Items listed in a dataset:
◆ ◆ ◆ ◆

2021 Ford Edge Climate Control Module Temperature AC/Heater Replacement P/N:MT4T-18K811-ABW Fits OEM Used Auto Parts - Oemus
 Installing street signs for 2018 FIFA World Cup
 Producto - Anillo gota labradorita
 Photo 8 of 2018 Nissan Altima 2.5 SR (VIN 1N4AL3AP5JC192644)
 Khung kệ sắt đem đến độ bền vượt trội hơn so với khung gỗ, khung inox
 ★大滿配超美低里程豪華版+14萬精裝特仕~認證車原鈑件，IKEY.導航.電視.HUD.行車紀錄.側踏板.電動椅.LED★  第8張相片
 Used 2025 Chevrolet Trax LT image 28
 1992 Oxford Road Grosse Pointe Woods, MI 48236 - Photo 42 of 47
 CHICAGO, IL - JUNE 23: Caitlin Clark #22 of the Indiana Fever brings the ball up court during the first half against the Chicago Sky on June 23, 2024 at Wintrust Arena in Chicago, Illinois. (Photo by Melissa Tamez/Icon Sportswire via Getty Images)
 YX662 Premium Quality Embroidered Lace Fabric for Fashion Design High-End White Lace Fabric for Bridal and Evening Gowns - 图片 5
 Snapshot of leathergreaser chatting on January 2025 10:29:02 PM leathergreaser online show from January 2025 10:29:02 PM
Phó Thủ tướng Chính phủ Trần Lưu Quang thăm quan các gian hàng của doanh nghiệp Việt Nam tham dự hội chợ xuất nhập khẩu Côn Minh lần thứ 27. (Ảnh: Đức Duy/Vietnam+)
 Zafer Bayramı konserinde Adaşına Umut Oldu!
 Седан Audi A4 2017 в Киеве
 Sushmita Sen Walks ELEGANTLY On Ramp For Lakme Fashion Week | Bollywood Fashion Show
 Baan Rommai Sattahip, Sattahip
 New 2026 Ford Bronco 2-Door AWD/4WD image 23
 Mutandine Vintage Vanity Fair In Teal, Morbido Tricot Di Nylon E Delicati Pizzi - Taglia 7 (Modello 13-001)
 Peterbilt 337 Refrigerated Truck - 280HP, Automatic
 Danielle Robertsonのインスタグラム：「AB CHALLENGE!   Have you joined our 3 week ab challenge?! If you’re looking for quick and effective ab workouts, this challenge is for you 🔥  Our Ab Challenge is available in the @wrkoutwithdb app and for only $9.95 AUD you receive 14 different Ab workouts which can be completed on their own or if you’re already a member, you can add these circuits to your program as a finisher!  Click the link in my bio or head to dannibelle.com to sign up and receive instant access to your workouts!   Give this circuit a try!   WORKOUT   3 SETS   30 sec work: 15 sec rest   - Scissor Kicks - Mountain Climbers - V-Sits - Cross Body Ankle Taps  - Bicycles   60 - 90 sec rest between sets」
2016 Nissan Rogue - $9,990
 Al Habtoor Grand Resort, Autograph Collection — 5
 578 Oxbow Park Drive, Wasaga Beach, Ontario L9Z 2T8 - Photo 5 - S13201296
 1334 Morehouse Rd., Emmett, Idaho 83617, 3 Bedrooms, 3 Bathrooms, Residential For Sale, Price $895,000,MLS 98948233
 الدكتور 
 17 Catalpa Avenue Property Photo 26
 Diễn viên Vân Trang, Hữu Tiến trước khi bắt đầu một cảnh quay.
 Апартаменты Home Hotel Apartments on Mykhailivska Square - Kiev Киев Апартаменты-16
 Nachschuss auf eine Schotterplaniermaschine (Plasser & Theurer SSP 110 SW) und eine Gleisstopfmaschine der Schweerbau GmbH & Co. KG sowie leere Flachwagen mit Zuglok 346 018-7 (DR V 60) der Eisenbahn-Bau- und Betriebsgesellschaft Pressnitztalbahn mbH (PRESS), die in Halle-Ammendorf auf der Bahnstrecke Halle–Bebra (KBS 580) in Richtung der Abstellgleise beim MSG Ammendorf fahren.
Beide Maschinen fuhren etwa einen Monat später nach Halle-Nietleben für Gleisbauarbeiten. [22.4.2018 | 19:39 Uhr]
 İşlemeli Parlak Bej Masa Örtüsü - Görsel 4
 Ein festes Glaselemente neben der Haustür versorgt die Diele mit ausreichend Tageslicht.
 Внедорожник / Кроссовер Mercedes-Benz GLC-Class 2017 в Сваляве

◆ ◆ ◆ ◆

◆ **EXERCISE REQUIREMENTS**
Transcribe all of the records exactly.

◆ **YOUR SOLUTION**
2021 Ford Edge Climate Control Module Temperature AC/Heater Replacement P/N:MT4T-18K811-ABW Fits OEM Used Auto Parts - Oemus
 Installing street signs for 2018 FIFA World Cup
 Producto - Anillo gota labradorita
 Photo 8 of 2018 Nissan Altima 2.5 SR (VIN 1N4AL3AP5JC192644)
 Khung kệ sắt đem đến độ bền vượt trội hơn so với khung gỗ, khung inox
 ★大滿配超美低里程豪華版+14萬精裝特仕~認證車原鈑件，IKEY.導航.電視.HUD.行車紀錄.側踏板.電動椅.LED★  第8張相片
 Used 2025 Chevrolet Trax LT image 28
 1992 Oxford Road Grosse Pointe Woods, MI 48236 - Photo 42 of 47
 CHICAGO, IL - JUNE 23: Caitlin Clark #22 of the Indiana Fever brings the ball up court during the first half against the Chicago Sky on June 23, 2024 at Wintrust Arena in Chicago, Illinois. (Photo by Melissa Tamez/Icon Sportswire via Getty Images)
 YX662 Premium Quality Embroidered Lace Fabric for Fashion Design High-End White Lace Fabric for Bridal and Evening Gowns - 图片 5
 Snapshot of leathergreaser chatting on January 2025 10:29:02 PM leathergreaser online show from January 2025 10:29:02 PM
Phó Thủ tướng Chính phủ Trần Lưu Quang thăm quan các gian hàng của doanh nghiệp Việt Nam tham dự hội chợ xuất nhập khẩu Côn Minh lần thứ 27. (Ảnh: Đức Duy/Vietnam+)
 Zafer Bayramı konserinde Adaşına Umut Oldu!
 Седан Audi A4 2017 в Киеве
 Sushmita Sen Walks ELEGANTLY On Ramp For Lakme Fashion Week | Bollywood Fashion Show
 Baan Rommai Sattahip, Sattahip
 New 2026 Ford Bronco 2-Door AWD/4WD image 23
 Mutandine Vintage Vanity Fair In Teal, Morbido Tricot Di Nylon E Delicati Pizzi - Taglia 7 (Modello 13-001)
 Peterbilt 337 Refrigerated Truck - 280HP, Automatic
 Danielle Robertsonのインスタグラム：「AB CHALLENGE!   Have you joined our 3 week ab challenge?! If you’re looking for quick and effective ab workouts, this challenge is for you 🔥  Our Ab Challenge is available in the @wrkoutwithdb app and for only $9.95 AUD you receive 14 different Ab workouts which can be completed on their own or if you’re already a member, you can add these circuits to your program as a finisher!  Click the link in my bio or head to dannibelle.com to sign up and receive instant access to your workouts!   Give this circuit a try!   WORKOUT   3 SETS   30 sec work: 15 sec rest   - Scissor Kicks - Mountain Climbers - V-Sits - Cross Body Ankle Taps  - Bicycles   60 - 90 sec rest between sets」
2016 Nissan Rogue - $9,990
 Al Habtoor Grand Resort, Autograph Collection — 5
 578 Oxbow Park Drive, Wasaga Beach, Ontario L9Z 2T8 - Photo 5 - S13201296
 1334 Morehouse Rd., Emmett, Idaho 83617, 3 Bedrooms, 3 Bathrooms, Residential For Sale, Price $895,000,MLS 98948233
 الدكتور 
 17 Catalpa Avenue Property Photo 26
 Diễn viên Vân Trang, Hữu Tiến trước khi bắt đầu một cảnh quay.
 Апартаменты Home Hotel Apartments on Mykhailivska Square - Kiev Киев Апартаменты-16
 Nachschuss auf eine Schotterplaniermaschine (Plasser & Theurer SSP 110 SW) und eine Gleisstopfmaschine der Schweerbau GmbH & Co. KG sowie leere Flachwagen mit Zuglok 346 018-7 (DR V 60) der Eisenbahn-Bau- und Betriebsgesellschaft Pressnitztalbahn mbH (PRESS), die in Halle-Ammendorf auf der Bahnstrecke Halle–Bebra (KBS 580) in Richtung der Abstellgleise beim MSG Ammendorf fahren.
Beide Maschinen fuhren etwa einen Monat später nach Halle-Nietleben für Gleisbauarbeiten. [22.4.2018 | 19:39 Uhr]
 İşlemeli Parlak Bej Masa Örtüsü - Görsel 4
 Ein festes Glaselemente neben der Haustür versorgt die Diele mit ausreichend Tageslicht.
 Внедорожник / Кроссовер Mercedes-Benz GLC-Class 2017 в Сваляве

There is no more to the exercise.